Capehart and Abernathy on congressional bipartisanship, inflation, redistricting

Jonathan Capehart:

I don’t know if there’s any turning back.

Excuse me, Judy.

And I say I don’t know if there’s any turning back because there is an incredible silence among Republican leaders. Leave aside Donald Trump. And no one’s surprised to hear him say what he said about “Hang Mike Pence.”

The problem is in the question is, where is House Minority Leader Kevin McCarthy? Leader is in his title. He should have said something immediately about Congressman Gosar. He should have said something immediately about Congresswoman Marjorie Taylor Greene calling the 13 Republicans who voted for the infrastructure bill — quote — “traitors.”

He should have been out there and should be continuously out there saying: This is not who we are as Republicans. This is not who we are as a party. This is not who we are as a caucus.

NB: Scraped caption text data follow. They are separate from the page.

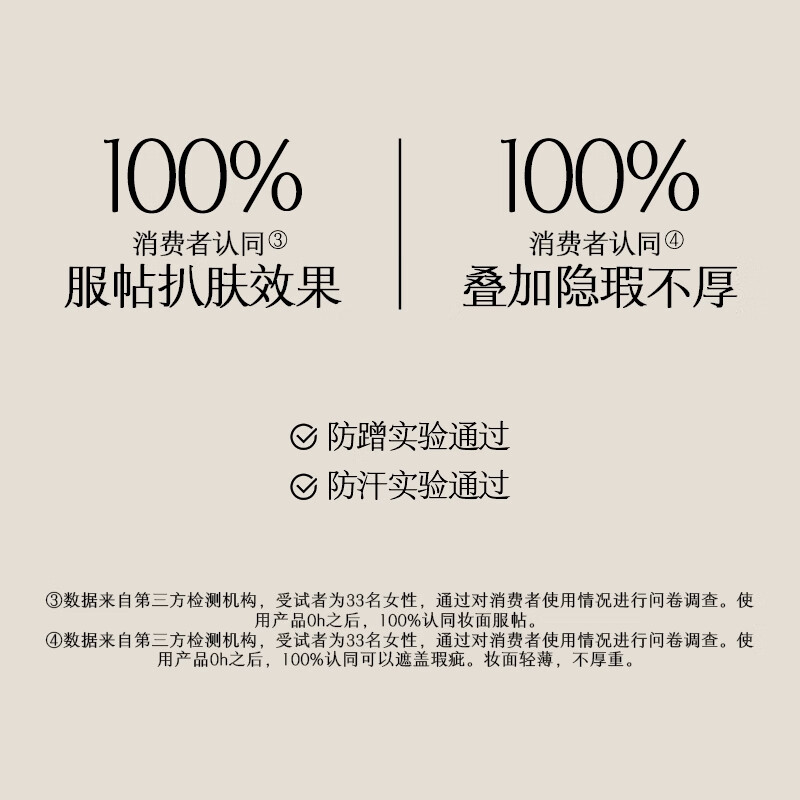 MARIE DALGAR New Year's Gift Seed Cushion Skin Locking Makeup Lasting Dry Skin Moisturizing Foundation W01 Mist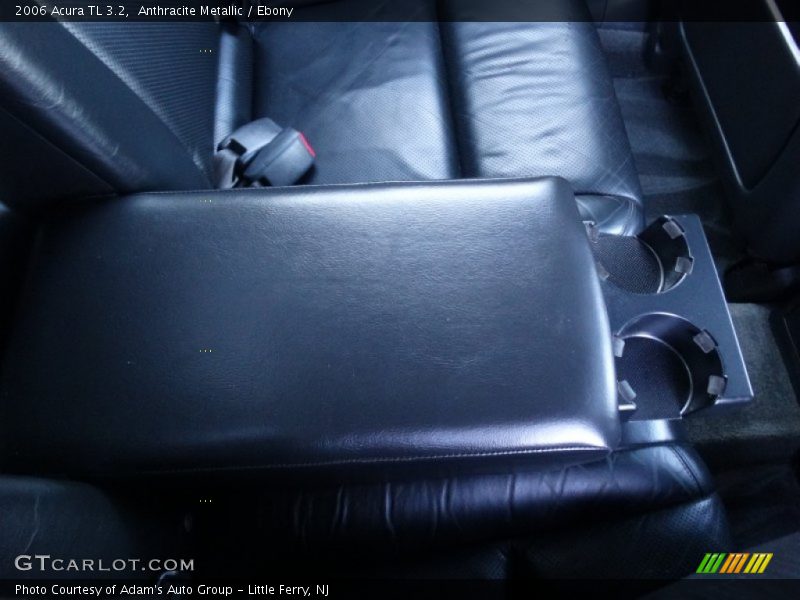 Anthracite Metallic / Ebony 2006 Acura TL 3.2
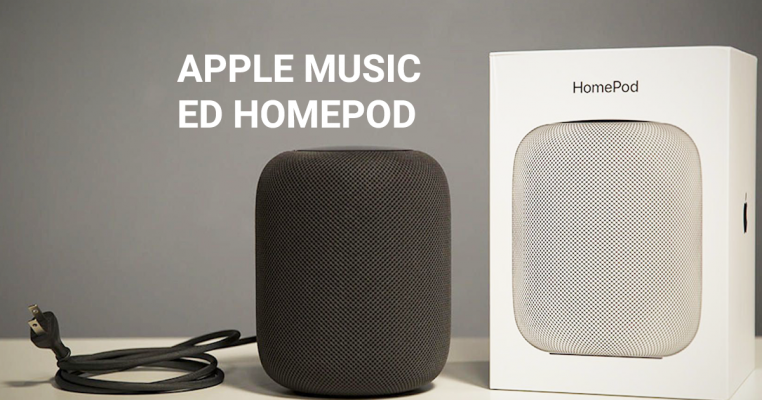Apple Music e HomePod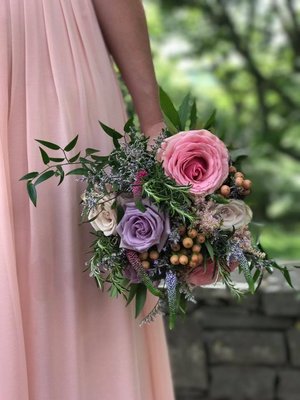 Bridesmaid bouquet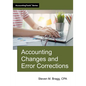 Accounting Changes and Error Corrections - Paperback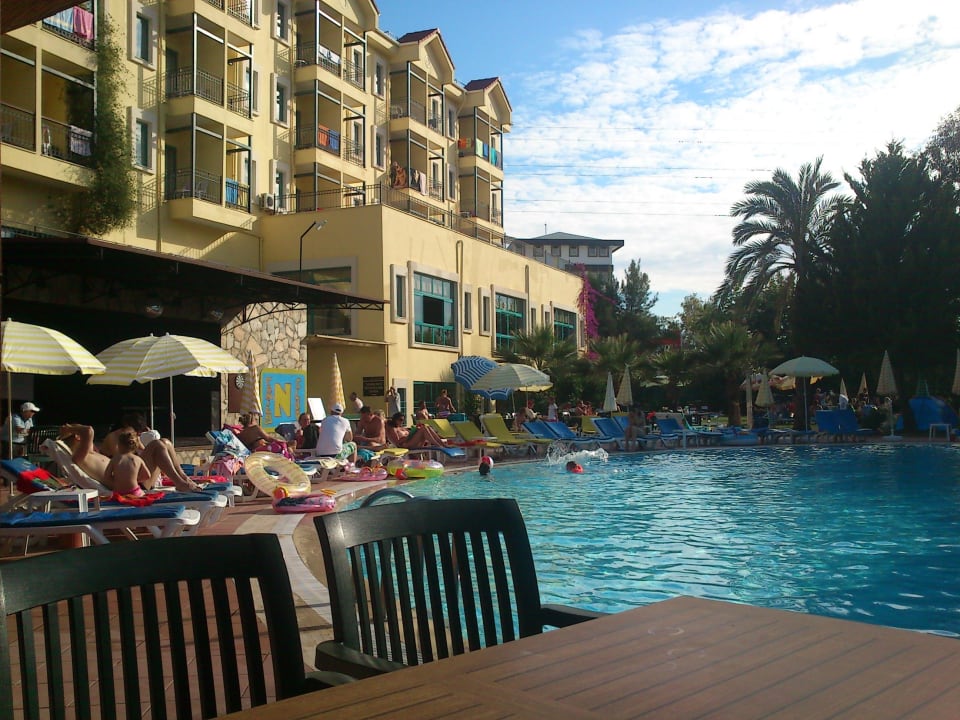 Unterer Pool Dosi Hotel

Because, if the leader of the caucus doesn’t set an example, rhetorically or even by his actions, then the Paul Gosar and the Marjorie Taylor Greenes are given, no pun intended, green lights to keep doing the things that they’re doing, which is providing — creating an atmosphere of menace around the Capitol that has been there since January 6.

Congresswoman Cori Bush moved her office from next door to Marjorie Taylor Greene because of the menace. Marjorie Taylor Greene has gotten into fights with Congresswoman Ocasio-Cortez, Congresswoman Liz Cheney, Congressman Jamie Raskin.

And she’s able to do that because House Minority Leader Kevin McCarthy hasn’t said anything. And the idea that he has not said anything about this Paul Gosar video that Twitter had the good sense to finally take down tells me all I need to know about how fearful and concerned we should be about a Speaker McCarthy if the Republicans take control of the House in next term — in next year’s midterms.